Answers to Writing FAQs

Rarely does a day go by when I’m not asked for my opinion on a writing issue — and I’m always happy to weigh in. Since many people ask the same things, I thought it made sense to answer some of the most common questions here.

Q. Does the period go inside or outside of parentheses at the end of a sentence?

A. It depends — and I must point out I’m not a big fan of using parentheses. However, if you choose to use them, make sure you do it like this:

  • The Sharks are in trouble. (Three of their stars are injured.)
  • The Sharks are in trouble (because three of their stars are injured).

In the first example, the period is inside, because it ends a complete sentence. In the second, it’s outside, because what’s in the parentheses is just a clause, part of the sentence.

Q. When are single quotes used?

A. Rarely, if at all. The only time it’s appropriate to use single quotes is if you’re quoting something that’s already in a quote, like this:

  • “Whenever Cubbie comes with me on errands, people often smile and say, ‘your dog is so cute’ — and I love that.”

Q. Do you refer to a company as their or its?

A. Its. A company reports its earnings, provides great benefits to its employees, etc. If you’re speaking of two or more companies, you’d use their.

Q. What punctuation should be used after including?

A. Nothing — not even a colon — but a comma should precede it, like this:

  • We have many choices to make on March 3, including national and local races, measures, and a proposition.

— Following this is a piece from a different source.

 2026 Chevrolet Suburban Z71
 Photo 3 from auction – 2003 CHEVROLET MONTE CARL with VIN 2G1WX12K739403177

I hope this is helpful — and don’t forget to vote!

Book Launch

I’m pleased to promote an exciting new book by Marketing guru Laura Patterson — Fast-Track Your Business/A Customer-Centric Approach to Accelerate Market Growth. I was delighted to assist Laura as her editor. Check it out at

Please Respond

It seems to me that the easier it becomes to communicate — the less people actually respond when it would be courteous to do so. Call me old-fashioned (or maybe just old), but I continue to be puzzled when people don’t acknowledge receiving documents via email. A simple, “thanks, I got it,” will provide the sender peace of mind.